June 24, 2013 (Bloomberg) -- U.S. stocks retreated Monday, sending the Standard & Poor’s 500 Index to a nine-week low, as Chinese equities entered a bear market amid concern a cash crunch will hurt the world’s second-largest economy and speculation increased that the United States will begin curbing stimulus.
Bank of America Corp. and Citigroup Inc. slid more than 2.8 percent as banks tumbled. Barrick Gold Corp. led gold producers lower as the precious metal traded near a 2 1/2-year low. Deere & Co. lost 3.2 percent as JPMorgan Chase & Co. recommended selling the shares.
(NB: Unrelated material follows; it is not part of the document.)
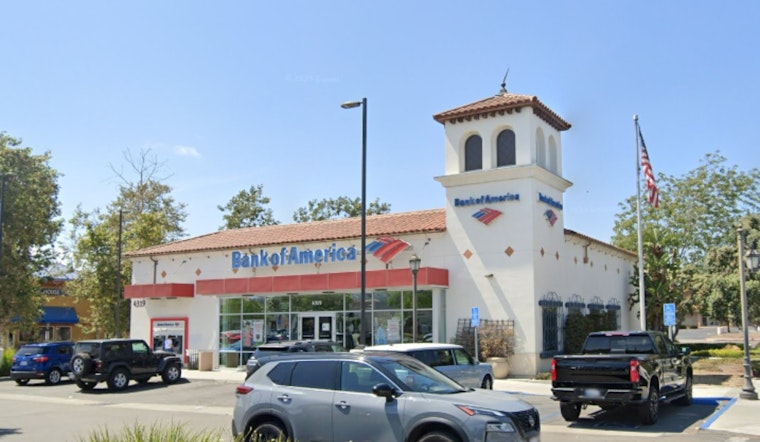 Olive Garden Plots Borderfront Move Into Former San Ysidro Bank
Vanguard Health Systems Inc. surged 67 percent after agreeing to be bought by Tenet Healthcare Corp. for about $1.8 billion.
The S&P 500 fell 1.7 percent to 1,565.07 at 10:01 a.m. in New York, the lowest level on a closing basis since April 22. The Dow Jones Industrial Average slipped 239.03 points, or 1.6 percent, to 14,560.37. Trading in S&P 500 stocks was 33 percent above the 30-day average during this time of day.
The CSI 300 Index’s biggest companies tumbled 6.3 percent, the most since August 2009, taking its decline from this year’s peak to more than 20 percent. China’s central bank said there’s a reasonable amount of liquidity in the financial system and urged banks to control risks from credit expansion, signaling no relief from a cash squeeze.